In 1933/4, Baddeley constituted a new archdeaconry of Southern Melanesia; followed in 1934 by that of Northern Melanesia (or "for New Britain and the Goldfields"), and in 1934/5 Ralph De Voil was collated the last Archdeacon of Northern Melanesia. De Voil was both priest-in-charge of St George's Rabaul and archdeacon until he returned to Great Britain in 1937.

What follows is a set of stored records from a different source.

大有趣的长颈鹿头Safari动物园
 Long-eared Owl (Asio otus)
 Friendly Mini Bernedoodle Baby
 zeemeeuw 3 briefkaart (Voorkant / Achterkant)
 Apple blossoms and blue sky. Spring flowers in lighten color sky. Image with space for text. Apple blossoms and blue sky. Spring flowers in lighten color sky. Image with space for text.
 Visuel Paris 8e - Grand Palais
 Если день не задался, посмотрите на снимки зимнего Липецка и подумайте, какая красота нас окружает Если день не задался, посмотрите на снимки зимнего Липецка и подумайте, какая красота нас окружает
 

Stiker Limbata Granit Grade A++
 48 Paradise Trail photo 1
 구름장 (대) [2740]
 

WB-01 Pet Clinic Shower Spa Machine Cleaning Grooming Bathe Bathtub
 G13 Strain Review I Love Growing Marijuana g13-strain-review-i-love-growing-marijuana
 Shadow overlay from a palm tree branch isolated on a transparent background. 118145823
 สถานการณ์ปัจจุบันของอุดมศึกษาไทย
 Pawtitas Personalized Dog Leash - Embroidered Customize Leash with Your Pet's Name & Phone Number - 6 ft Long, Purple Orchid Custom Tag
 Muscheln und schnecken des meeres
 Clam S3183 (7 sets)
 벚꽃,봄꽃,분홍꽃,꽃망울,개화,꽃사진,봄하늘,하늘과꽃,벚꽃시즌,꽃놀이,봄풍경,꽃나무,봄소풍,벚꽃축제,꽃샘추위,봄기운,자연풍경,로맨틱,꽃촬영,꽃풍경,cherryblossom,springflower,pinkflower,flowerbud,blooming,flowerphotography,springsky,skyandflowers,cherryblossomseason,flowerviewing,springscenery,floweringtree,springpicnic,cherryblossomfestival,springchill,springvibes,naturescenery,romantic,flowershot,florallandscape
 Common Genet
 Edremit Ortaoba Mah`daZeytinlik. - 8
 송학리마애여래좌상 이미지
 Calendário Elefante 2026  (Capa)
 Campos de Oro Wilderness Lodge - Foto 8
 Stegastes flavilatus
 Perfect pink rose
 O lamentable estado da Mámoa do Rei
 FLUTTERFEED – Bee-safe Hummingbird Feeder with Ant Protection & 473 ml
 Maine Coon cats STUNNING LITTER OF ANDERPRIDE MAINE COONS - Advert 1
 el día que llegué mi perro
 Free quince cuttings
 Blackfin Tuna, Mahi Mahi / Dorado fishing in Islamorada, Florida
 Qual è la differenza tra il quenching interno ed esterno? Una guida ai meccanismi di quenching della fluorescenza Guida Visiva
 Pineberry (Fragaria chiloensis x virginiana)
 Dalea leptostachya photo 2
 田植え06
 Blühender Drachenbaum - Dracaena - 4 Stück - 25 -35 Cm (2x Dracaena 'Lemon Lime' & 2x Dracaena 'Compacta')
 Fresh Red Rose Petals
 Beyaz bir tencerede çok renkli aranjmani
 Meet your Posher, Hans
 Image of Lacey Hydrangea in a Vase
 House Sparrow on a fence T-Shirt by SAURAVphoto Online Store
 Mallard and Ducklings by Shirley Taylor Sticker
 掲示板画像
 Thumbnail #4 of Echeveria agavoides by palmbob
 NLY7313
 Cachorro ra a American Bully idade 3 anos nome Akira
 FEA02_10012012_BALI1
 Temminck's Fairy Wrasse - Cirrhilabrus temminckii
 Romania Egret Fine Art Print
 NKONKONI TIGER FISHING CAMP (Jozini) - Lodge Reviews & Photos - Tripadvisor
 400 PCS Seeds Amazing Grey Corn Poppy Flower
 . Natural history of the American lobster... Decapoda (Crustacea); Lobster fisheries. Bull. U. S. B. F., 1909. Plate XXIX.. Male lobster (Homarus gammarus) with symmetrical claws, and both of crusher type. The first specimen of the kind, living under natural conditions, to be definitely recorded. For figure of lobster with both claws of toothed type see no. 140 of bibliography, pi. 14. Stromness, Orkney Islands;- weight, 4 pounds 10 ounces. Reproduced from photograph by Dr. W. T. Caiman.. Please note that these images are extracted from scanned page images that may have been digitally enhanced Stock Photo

Archdeacons of Southern Melanesia
- 1894-1902: John Palmer
- 1902–1913: Thomas Cullwick
- December 1933 – 1935: Richard Godfrey
- 13 July 1935 – 1939: Alfred Teall

==Recent elections==
The college of electors, who choose the new primate during a vacancy, last met from 3–5 March 2009, to carry out their electoral duties following Pogo's retirement. They elected David Vunagi, Bishop of Temotu, as the new Archbishop of Melanesia. He was therefore translated to the Diocese of Central Melanesia and became the Archbishop of Melanesia ex officio. He was enthroned on the Feast of Pentecost, 31 May 2009. He left office on 6 September 2015, being replaced as acting Primate by Nathan Tome. On 12 February 2016, George Takeli was elected to become the new Archbishop of Melanesia. He was enthroned on 17 April 2016 at Saint Barnabas' Provincial Cathedral, Honiara.